**Work to complete**
Could you print the lines below exactly, from the one holding "Desa Airmas Flat 2C 1" through the last line, with no other output?

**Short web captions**
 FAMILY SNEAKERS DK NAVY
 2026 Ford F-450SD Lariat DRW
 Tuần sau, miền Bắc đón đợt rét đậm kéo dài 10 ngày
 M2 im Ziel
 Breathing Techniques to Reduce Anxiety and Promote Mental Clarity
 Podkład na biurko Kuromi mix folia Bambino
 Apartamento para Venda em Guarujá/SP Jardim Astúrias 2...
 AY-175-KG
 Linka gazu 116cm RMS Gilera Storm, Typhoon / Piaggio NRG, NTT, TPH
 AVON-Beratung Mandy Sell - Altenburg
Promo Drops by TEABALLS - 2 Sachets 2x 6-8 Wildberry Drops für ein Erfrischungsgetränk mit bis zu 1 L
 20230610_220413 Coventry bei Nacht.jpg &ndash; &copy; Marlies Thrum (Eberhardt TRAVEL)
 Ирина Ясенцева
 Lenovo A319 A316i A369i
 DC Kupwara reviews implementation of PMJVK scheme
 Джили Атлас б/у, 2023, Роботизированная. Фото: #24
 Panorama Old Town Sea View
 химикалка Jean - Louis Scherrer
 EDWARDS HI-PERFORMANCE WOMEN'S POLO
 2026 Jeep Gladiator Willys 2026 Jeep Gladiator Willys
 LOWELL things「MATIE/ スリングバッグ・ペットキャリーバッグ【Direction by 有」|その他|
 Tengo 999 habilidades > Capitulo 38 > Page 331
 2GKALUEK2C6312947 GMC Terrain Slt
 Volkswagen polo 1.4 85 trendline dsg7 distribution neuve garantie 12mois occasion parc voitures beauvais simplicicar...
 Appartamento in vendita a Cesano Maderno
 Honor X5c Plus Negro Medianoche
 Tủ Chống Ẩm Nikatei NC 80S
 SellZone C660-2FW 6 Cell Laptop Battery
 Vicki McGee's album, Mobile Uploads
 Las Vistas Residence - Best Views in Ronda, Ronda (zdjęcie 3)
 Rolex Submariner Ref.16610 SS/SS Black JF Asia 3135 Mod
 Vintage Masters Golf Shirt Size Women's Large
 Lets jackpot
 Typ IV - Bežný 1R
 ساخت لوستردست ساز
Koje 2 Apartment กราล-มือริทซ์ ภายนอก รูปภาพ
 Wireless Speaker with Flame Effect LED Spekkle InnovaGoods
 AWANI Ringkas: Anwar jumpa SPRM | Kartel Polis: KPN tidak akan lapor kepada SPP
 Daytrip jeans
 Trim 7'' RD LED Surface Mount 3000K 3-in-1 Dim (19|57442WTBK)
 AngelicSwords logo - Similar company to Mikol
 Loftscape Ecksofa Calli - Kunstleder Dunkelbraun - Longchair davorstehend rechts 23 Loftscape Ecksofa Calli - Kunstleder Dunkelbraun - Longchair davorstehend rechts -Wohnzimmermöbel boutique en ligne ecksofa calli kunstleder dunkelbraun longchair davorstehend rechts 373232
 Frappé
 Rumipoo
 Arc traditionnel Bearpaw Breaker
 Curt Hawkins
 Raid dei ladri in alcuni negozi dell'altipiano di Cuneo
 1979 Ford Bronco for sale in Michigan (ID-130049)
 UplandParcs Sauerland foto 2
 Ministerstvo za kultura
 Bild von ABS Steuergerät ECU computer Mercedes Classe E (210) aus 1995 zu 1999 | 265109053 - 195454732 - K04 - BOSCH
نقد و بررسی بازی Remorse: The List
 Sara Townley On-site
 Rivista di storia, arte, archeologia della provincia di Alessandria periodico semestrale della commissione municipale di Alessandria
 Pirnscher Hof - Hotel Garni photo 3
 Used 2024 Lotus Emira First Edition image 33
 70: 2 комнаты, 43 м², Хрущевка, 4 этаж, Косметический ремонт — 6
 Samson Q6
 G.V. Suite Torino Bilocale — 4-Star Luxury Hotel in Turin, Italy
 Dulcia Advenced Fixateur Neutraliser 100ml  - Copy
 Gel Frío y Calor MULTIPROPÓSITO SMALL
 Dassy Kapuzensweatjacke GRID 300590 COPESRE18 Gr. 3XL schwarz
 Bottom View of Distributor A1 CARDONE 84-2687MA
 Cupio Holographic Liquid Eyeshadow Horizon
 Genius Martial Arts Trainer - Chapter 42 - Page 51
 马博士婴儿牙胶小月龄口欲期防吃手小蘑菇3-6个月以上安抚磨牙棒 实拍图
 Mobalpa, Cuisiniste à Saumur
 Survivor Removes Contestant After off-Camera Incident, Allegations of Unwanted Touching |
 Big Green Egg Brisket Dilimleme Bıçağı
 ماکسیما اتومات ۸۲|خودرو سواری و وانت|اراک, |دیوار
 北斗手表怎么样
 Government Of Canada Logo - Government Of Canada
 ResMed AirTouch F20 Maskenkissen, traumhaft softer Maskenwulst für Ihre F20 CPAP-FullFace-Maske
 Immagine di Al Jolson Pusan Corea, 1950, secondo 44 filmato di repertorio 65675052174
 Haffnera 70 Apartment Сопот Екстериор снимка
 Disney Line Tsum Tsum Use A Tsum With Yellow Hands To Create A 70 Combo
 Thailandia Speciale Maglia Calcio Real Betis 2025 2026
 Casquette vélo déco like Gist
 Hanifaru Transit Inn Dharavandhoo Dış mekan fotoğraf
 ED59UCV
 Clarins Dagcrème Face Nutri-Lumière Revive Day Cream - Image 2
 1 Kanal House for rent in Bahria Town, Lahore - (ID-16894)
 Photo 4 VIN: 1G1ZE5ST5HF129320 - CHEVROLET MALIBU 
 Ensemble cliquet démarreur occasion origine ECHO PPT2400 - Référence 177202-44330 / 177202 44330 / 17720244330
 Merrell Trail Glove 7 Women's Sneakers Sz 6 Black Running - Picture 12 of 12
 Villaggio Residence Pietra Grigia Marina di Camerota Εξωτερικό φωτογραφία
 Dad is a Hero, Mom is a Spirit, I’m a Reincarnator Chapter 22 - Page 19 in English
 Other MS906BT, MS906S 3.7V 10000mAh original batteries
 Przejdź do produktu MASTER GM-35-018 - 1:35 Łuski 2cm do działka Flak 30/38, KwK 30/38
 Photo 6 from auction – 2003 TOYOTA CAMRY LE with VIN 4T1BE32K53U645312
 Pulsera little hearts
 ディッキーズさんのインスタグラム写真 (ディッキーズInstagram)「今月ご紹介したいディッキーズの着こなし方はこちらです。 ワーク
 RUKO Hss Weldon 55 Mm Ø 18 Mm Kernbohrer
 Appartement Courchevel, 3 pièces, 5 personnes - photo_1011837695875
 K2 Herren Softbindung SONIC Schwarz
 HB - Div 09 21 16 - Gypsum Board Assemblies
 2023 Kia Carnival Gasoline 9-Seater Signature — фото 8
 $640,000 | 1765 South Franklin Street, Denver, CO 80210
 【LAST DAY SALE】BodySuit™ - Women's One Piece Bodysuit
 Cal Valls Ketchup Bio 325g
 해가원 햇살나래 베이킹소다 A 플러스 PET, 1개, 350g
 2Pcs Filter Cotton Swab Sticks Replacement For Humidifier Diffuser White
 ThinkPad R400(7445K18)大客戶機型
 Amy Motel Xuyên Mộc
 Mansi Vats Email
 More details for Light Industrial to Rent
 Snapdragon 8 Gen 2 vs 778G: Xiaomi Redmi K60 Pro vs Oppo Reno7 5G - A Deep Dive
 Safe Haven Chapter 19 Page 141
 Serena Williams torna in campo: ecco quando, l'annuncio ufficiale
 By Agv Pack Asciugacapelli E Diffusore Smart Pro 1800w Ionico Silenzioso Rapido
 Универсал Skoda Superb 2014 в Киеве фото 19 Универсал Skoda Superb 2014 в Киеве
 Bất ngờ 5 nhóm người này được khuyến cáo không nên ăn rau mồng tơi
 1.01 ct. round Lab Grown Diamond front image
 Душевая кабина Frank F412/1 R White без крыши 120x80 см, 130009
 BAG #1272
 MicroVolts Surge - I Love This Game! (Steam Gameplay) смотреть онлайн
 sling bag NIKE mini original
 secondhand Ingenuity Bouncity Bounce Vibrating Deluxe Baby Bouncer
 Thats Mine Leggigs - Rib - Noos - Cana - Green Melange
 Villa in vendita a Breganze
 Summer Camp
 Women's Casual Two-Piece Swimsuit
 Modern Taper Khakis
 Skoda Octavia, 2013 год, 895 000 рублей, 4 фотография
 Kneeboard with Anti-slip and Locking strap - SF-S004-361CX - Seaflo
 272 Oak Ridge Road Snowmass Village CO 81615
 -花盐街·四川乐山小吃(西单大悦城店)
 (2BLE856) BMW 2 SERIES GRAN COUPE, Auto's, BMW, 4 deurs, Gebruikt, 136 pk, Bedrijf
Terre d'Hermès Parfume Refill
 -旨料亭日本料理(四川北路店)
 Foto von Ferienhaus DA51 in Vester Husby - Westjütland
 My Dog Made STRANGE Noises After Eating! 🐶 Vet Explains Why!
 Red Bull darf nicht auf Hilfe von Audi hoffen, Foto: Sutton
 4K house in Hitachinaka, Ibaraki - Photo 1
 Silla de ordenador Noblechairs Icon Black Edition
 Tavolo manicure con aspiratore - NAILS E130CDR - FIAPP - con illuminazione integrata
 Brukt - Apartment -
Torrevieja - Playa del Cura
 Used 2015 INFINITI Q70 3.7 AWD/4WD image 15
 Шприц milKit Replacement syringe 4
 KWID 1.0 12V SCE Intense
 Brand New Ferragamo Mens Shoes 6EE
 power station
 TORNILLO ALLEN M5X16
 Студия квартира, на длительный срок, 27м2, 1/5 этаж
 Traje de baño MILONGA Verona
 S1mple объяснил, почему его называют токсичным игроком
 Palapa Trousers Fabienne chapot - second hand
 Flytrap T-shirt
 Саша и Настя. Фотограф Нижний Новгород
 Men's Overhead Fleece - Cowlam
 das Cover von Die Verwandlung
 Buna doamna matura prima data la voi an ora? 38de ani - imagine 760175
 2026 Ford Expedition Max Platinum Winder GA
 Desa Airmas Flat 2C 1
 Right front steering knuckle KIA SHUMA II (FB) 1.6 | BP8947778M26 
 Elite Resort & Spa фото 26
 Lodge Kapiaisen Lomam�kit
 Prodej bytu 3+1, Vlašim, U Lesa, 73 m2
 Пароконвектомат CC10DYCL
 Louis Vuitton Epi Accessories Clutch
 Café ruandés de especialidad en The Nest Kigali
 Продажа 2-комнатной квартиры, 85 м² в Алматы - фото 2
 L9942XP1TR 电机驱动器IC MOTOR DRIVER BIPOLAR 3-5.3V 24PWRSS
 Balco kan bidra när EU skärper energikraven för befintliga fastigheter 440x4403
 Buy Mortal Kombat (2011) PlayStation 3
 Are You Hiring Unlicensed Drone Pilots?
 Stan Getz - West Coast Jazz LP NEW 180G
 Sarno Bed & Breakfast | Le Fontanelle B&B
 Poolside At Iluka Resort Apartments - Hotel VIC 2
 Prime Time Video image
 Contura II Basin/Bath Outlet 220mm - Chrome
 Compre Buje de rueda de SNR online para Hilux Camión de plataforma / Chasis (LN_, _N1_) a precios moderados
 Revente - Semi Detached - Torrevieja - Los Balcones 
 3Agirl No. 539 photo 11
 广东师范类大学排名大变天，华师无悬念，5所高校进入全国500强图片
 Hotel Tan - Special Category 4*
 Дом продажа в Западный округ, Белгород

**Answer to the exercise**
 Desa Airmas Flat 2C 1
 Right front steering knuckle KIA SHUMA II (FB) 1.6 | BP8947778M26 
 Elite Resort & Spa фото 26
 Lodge Kapiaisen Lomam�kit
 Prodej bytu 3+1, Vlašim, U Lesa, 73 m2
 Пароконвектомат CC10DYCL
 Louis Vuitton Epi Accessories Clutch
 Café ruandés de especialidad en The Nest Kigali
 Продажа 2-комнатной квартиры, 85 м² в Алматы - фото 2
 L9942XP1TR 电机驱动器IC MOTOR DRIVER BIPOLAR 3-5.3V 24PWRSS
 Balco kan bidra när EU skärper energikraven för befintliga fastigheter 440x4403
 Buy Mortal Kombat (2011) PlayStation 3
 Are You Hiring Unlicensed Drone Pilots?
 Stan Getz - West Coast Jazz LP NEW 180G
 Sarno Bed & Breakfast | Le Fontanelle B&B
 Poolside At Iluka Resort Apartments - Hotel VIC 2
 Prime Time Video image
 Contura II Basin/Bath Outlet 220mm - Chrome
 Compre Buje de rueda de SNR online para Hilux Camión de plataforma / Chasis (LN_, _N1_) a precios moderados
 Revente - Semi Detached - Torrevieja - Los Balcones 
 3Agirl No. 539 photo 11
 广东师范类大学排名大变天，华师无悬念，5所高校进入全国500强图片
 Hotel Tan - Special Category 4*
 Дом продажа в Западный округ, Белгород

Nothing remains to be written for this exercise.